Your assignment:
Beginning with the line that holds "Whatsapp design of", output every remaining line of the material below exactly, and include none of the pictures.

Dataset content:
================

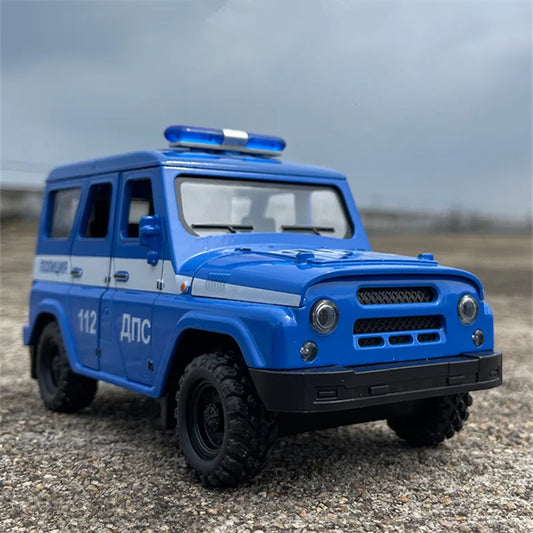 1/18 UAZ Hunter Alloy Car Model Diecast Metal Police Off-road Vehicles Car Model Simulation Blue - ihavepaws.com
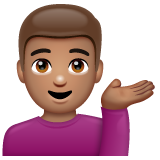 Whatsapp design of the man tipping hand: medium skin tone emoji verson:2.23.2.72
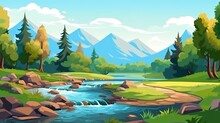 Beautiful Mountain Lake Scenery With Clear Still Water, Mountain Ridge, Dense Forest, Meadow Shores And Tall Pine Trees In The Foreground. Generative Ai.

================

Finished task:
 Whatsapp design of the man tipping hand: medium skin tone emoji verson:2.23.2.72
 Beautiful Mountain Lake Scenery With Clear Still Water, Mountain Ridge, Dense Forest, Meadow Shores And Tall Pine Trees In The Foreground. Generative Ai.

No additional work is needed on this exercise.